━━ Given information

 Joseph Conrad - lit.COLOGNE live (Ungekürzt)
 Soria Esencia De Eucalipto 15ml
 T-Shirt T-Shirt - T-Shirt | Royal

━━━━
━━ Given information

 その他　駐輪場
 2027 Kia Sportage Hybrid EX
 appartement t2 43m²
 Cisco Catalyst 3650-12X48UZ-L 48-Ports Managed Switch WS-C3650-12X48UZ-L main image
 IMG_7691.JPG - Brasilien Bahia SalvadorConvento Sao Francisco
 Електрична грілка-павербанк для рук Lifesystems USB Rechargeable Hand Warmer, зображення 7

━━━━
━━ Given information

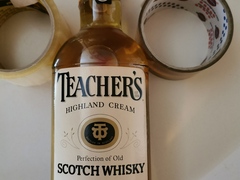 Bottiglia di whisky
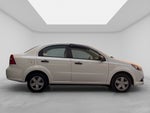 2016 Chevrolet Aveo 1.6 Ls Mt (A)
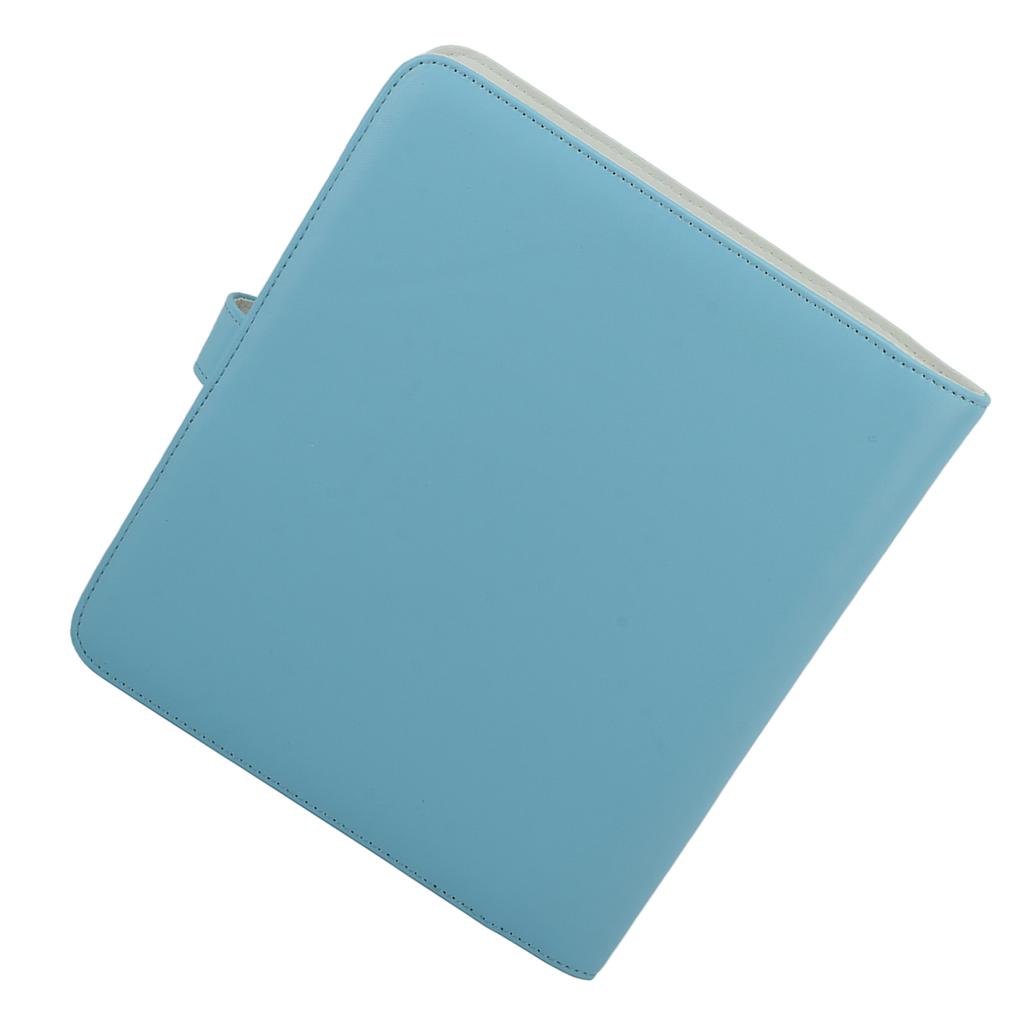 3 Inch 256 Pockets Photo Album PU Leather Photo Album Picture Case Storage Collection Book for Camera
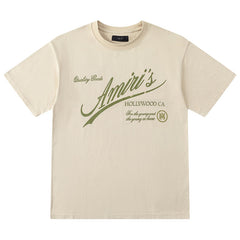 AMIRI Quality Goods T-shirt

━━━━

Exercise brief: For this exercise, output exactly the lines above from the line with "Cisco Catalyst 3650-12X48UZ-L" to the line with "Електрична грілка-павербанк для", counting both, and leave out the rest.

Solution:
 Cisco Catalyst 3650-12X48UZ-L 48-Ports Managed Switch WS-C3650-12X48UZ-L main image
 IMG_7691.JPG - Brasilien Bahia SalvadorConvento Sao Francisco
 Електрична грілка-павербанк для рук Lifesystems USB Rechargeable Hand Warmer, зображення 7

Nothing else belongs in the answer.